Short text fragments from websites
========================================================================
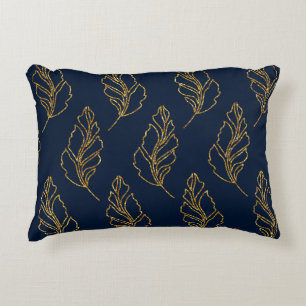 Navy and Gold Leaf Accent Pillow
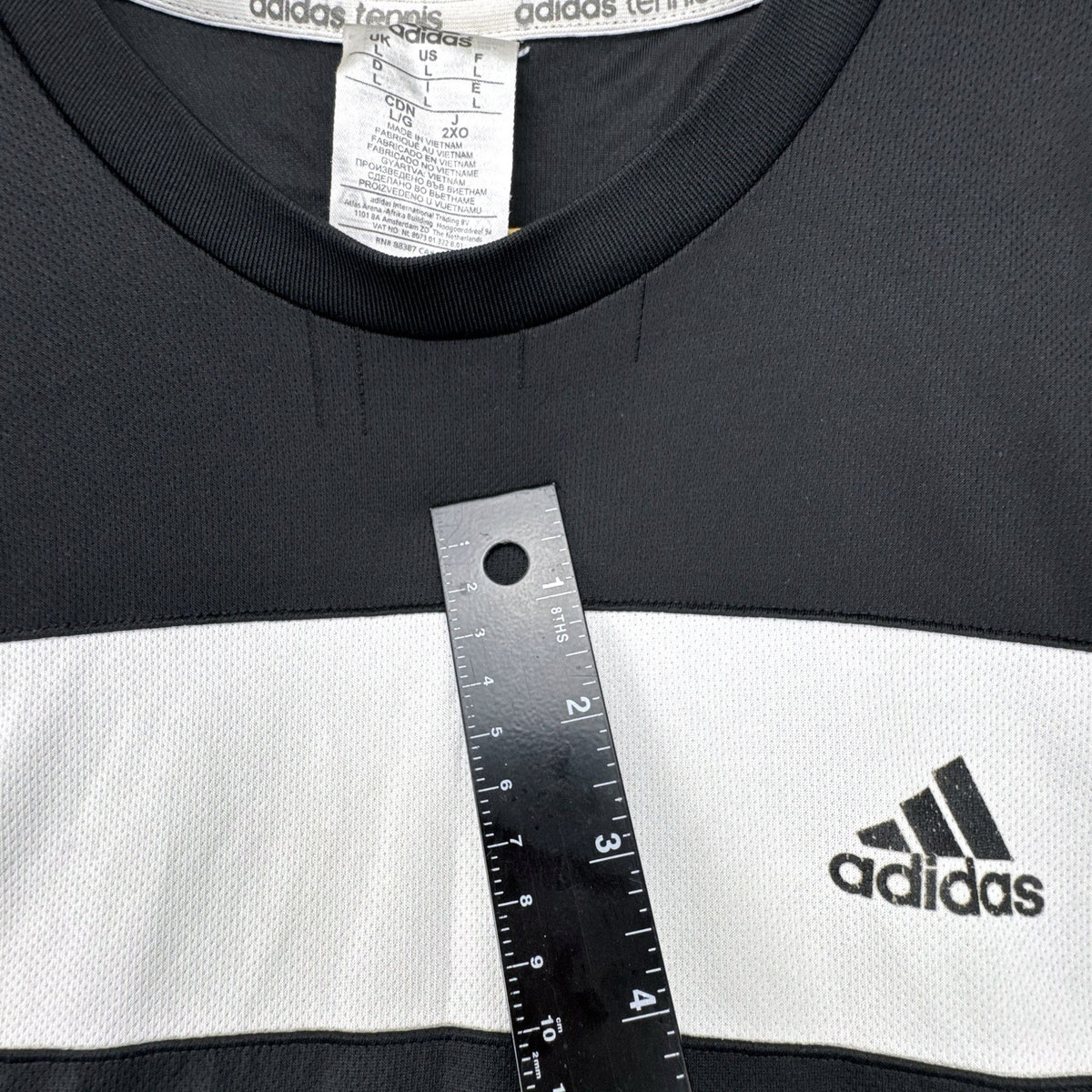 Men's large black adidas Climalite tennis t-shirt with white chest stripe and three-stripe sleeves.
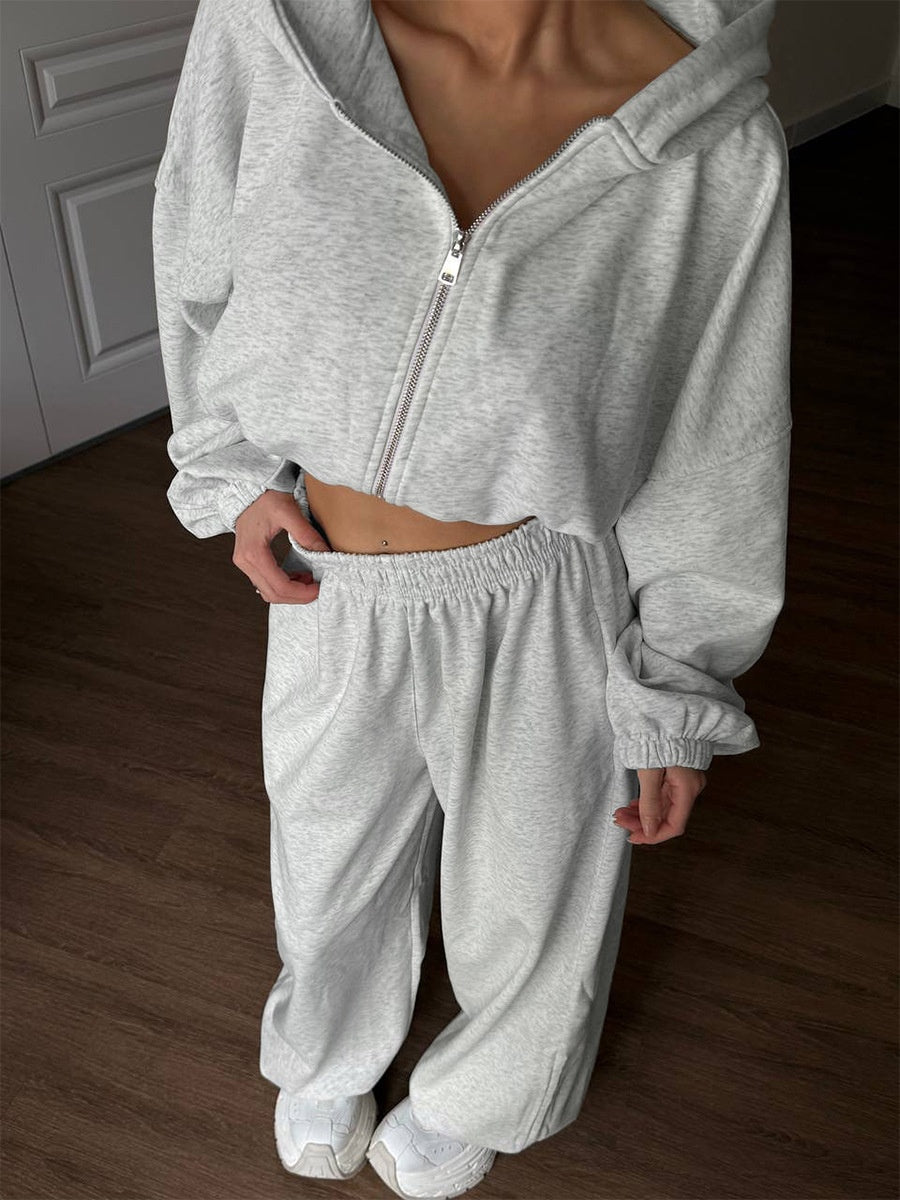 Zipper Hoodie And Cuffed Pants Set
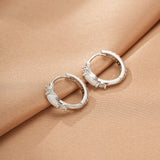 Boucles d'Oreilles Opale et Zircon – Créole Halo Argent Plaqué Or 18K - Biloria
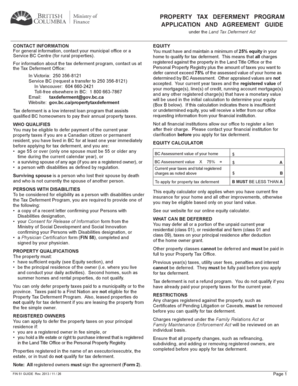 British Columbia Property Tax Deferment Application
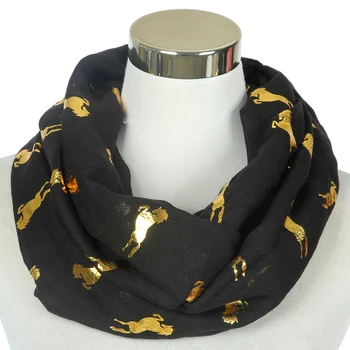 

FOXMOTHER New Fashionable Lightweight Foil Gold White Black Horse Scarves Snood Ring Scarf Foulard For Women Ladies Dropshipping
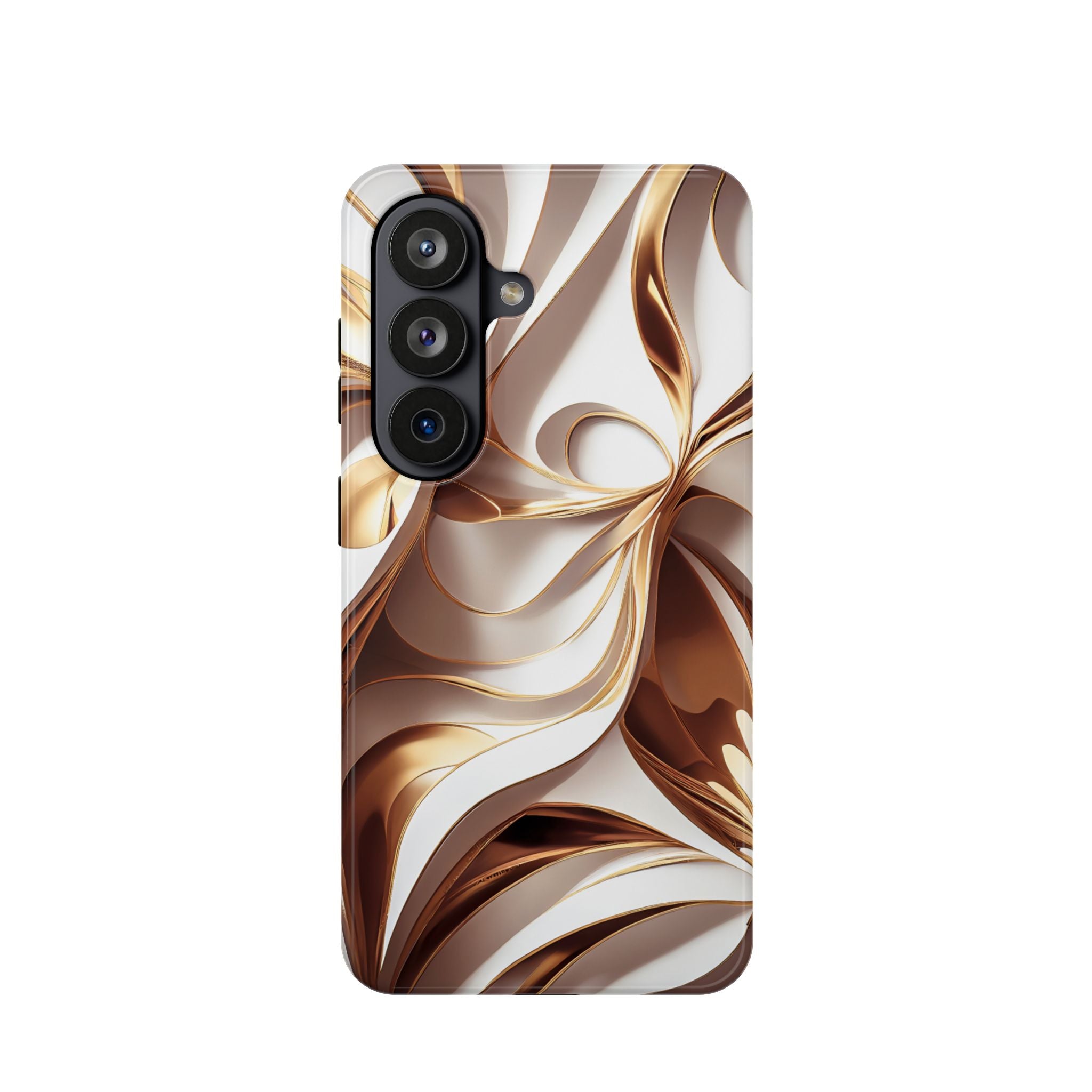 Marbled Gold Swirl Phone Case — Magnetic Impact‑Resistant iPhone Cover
========================================================================
TASK →
Give a verbatim transcription of the entries, leaving out the pictures.

RESULT OF THIS TASK →
 Navy and Gold Leaf Accent Pillow
 Men's large black adidas Climalite tennis t-shirt with white chest stripe and three-stripe sleeves.
 Zipper Hoodie And Cuffed Pants Set
 Boucles d'Oreilles Opale et Zircon – Créole Halo Argent Plaqué Or 18K - Biloria
 British Columbia Property Tax Deferment Application

FOXMOTHER New Fashionable Lightweight Foil Gold White Black Horse Scarves Snood Ring Scarf Foulard For Women Ladies Dropshipping
 Marbled Gold Swirl Phone Case — Magnetic Impact‑Resistant iPhone Cover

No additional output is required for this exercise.